[Task brief]
Please transcribe the lines below exactly, and leave every image behind.

=== Source material ===

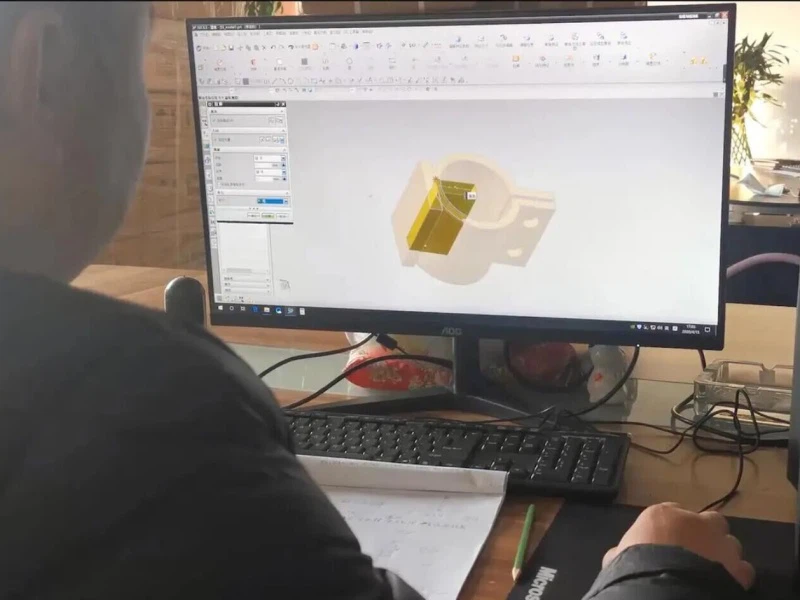 Customized Specifications Customized Specifications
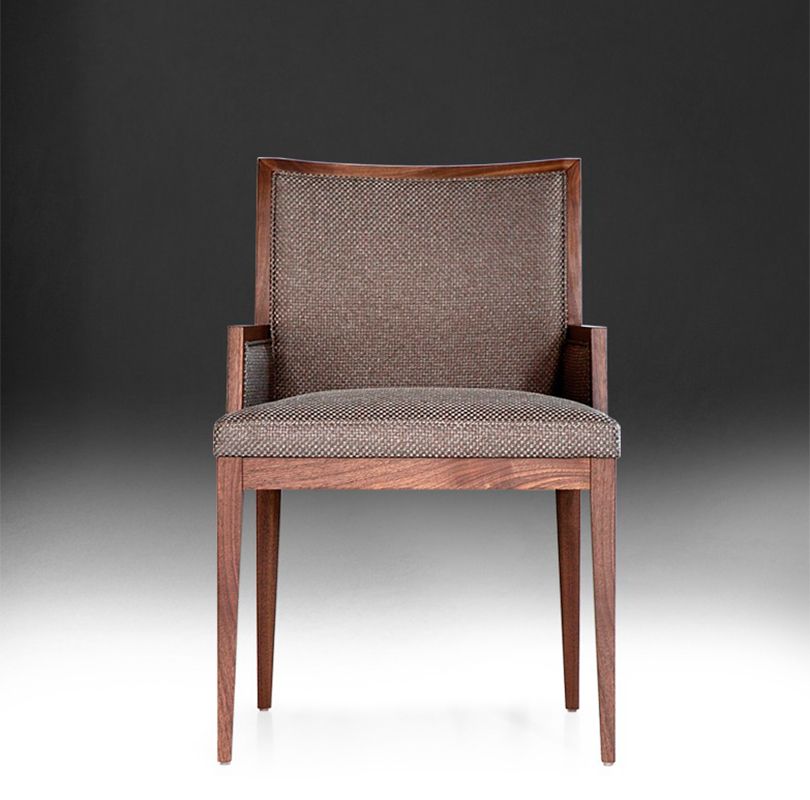 ROSA | Sedia By Mobi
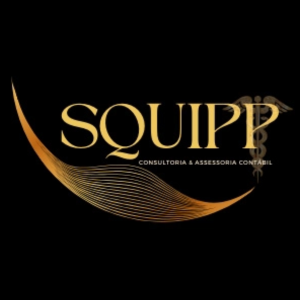 Squipp Consultoria Logo - SQUIPP CONSULTORIA E ASSESSORIA CONTÁBIL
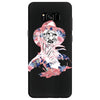 freddy krueger floral Samsung Galaxy S8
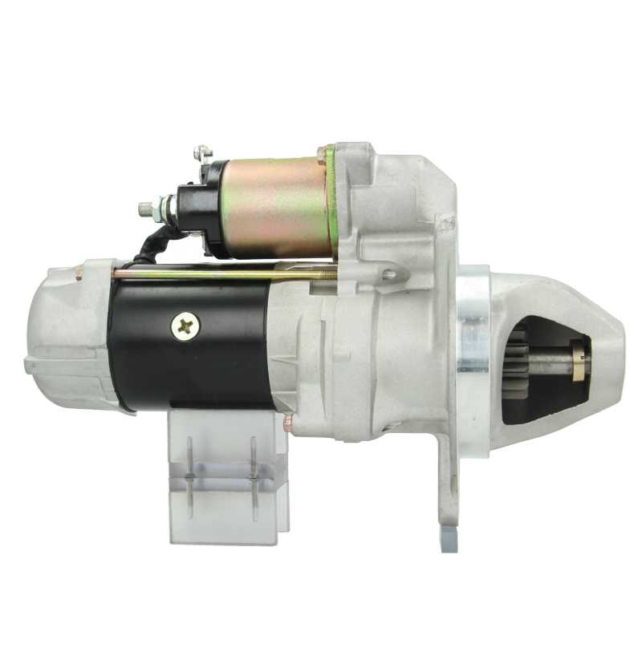 Starter Motor for HINO EK100 281001020 281001020D 281001492 281001645A - 图片 2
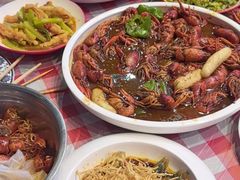 -京悦南门涮羊肉·羊蝎子火锅(田林路店)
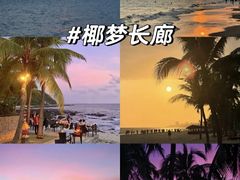-三亚蜈支洲岛旅游区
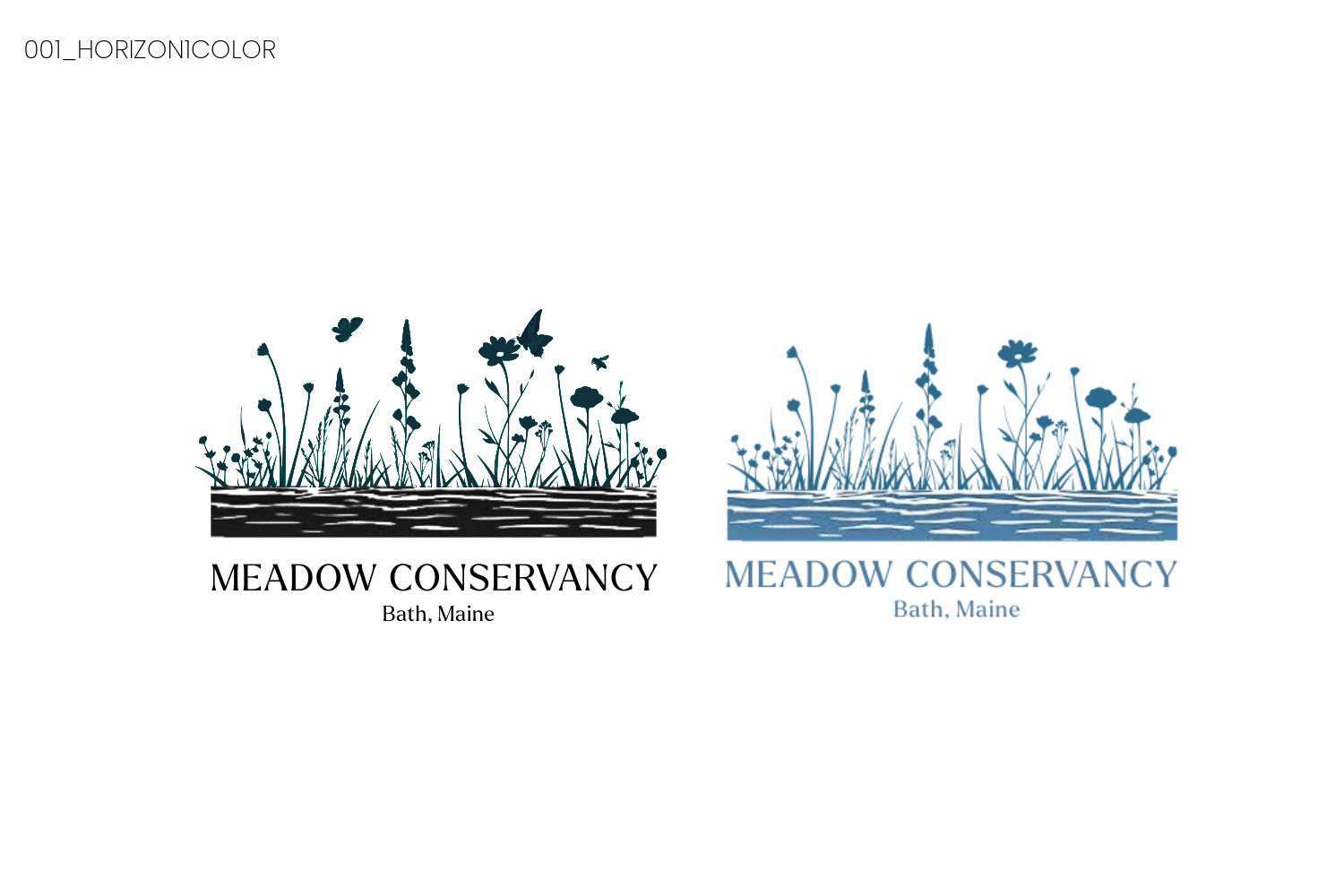 Proposed Horizontal 1 Color - River and Meadow
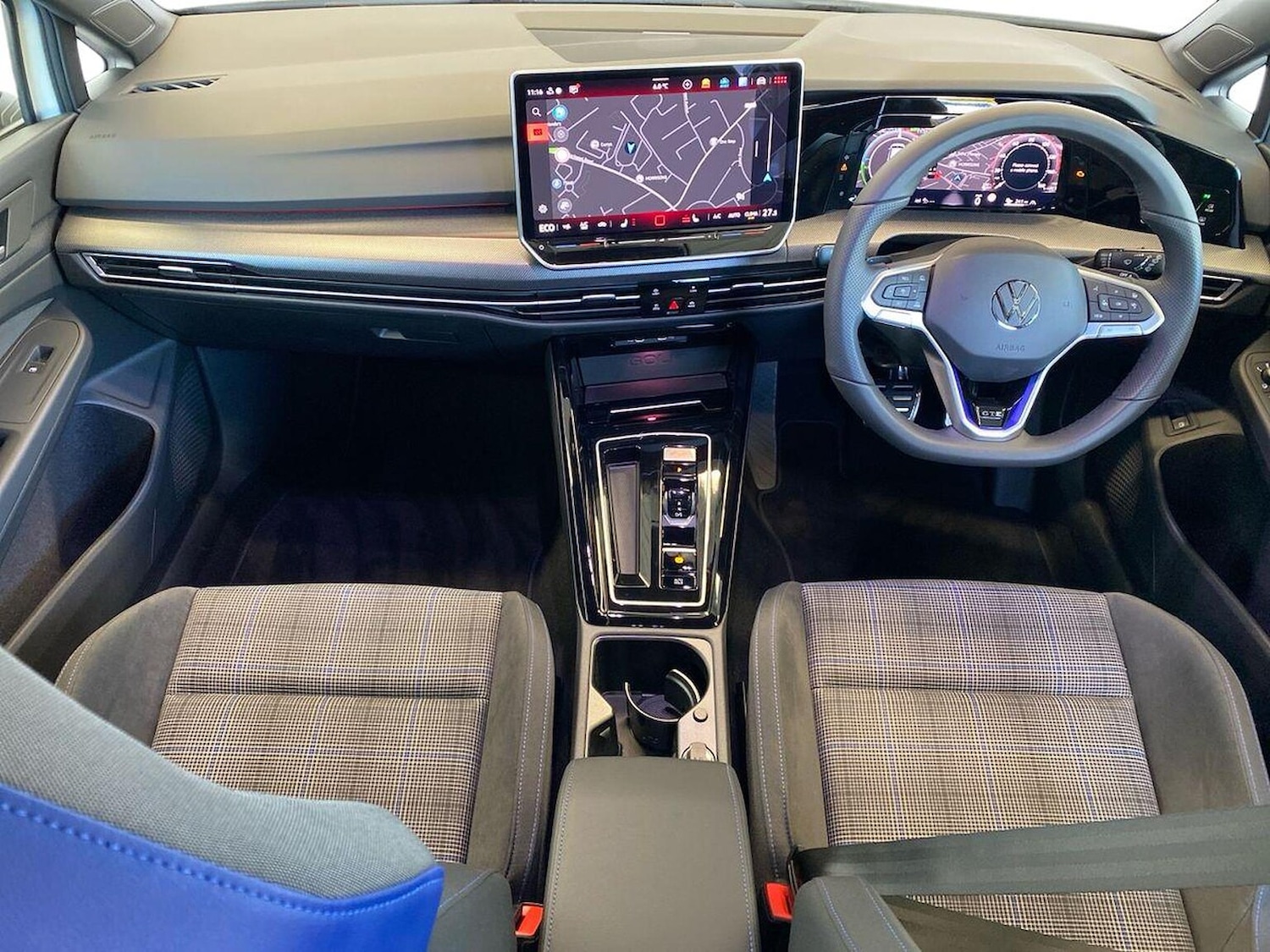 Used Volkswagen Golf 2025 for sale - 77572941: Photo 8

===

[Your response]
 Customized Specifications Customized Specifications
 ROSA | Sedia By Mobi
 Squipp Consultoria Logo - SQUIPP CONSULTORIA E ASSESSORIA CONTÁBIL
 freddy krueger floral Samsung Galaxy S8
 Starter Motor for HINO EK100 281001020 281001020D 281001492 281001645A - 图片 2
 -京悦南门涮羊肉·羊蝎子火锅(田林路店)
-三亚蜈支洲岛旅游区
 Proposed Horizontal 1 Color - River and Meadow
 Used Volkswagen Golf 2025 for sale - 77572941: Photo 8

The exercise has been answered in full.